A court has ruled that Lucian Freud’s will is to remain secret despite a challenge by his son Paul McAdam Freud. McAdam Freud one of 14 of Freud’s offspring was told by the trustees of Freud’s £96 million estate that he was not on his father’s secret list of beneficiaries.

Lucian Freud left his estate to his daughter Rose Pearce and his former lawyer Diana Rawstron. The pair later revealed that they had been charged with distributing the trust to a confidential list of beneficiaries. Of the £96 million, £2.5 million was given to his long term assistant David Dawson who featured in Freud’s last unfinished piece entitled “Portrait of the Hound”. In addition Mr. Dawson also received Freud’s Notting Hill Gate house where many of his paintings were staged, and a majority of his work completed.

Freud’s body of work follows a perceptive exploration of daily life. His paintings demonstrate that significant art can come from the acute observation of ordinary events, but in a very different way, a similar atmosphere of unease is created.
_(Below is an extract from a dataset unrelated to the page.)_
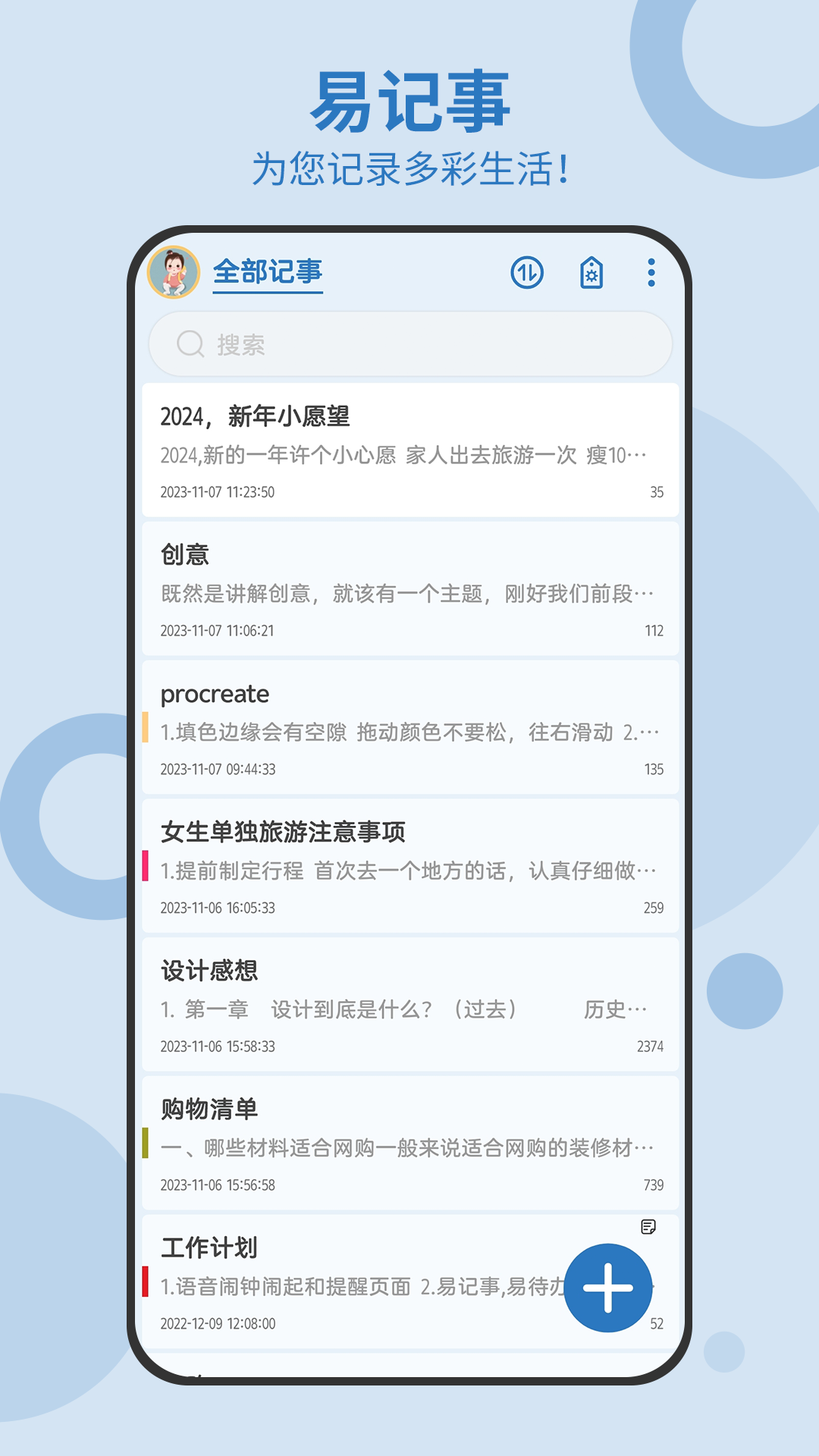 易记事v5.2.463截图5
He makes us aware of our sexuality, our fatness or thinness, our mortality – our nakedness.”I paint people,” Freud has said, “not because of what they are like, not exactly in spite of what they are like, but how they happen to be.” Freud painted many of his fellow artists, including Frank Auerbach and Francis Bacon.

Last week  a collection of paintings and drawings by Frank Auerbach belonging to Lucian Freud was bequeathed tot the nation in Lieu of taxes under the AIL scheme. It is now looking for a permanent home in public museums and galleries across the UK.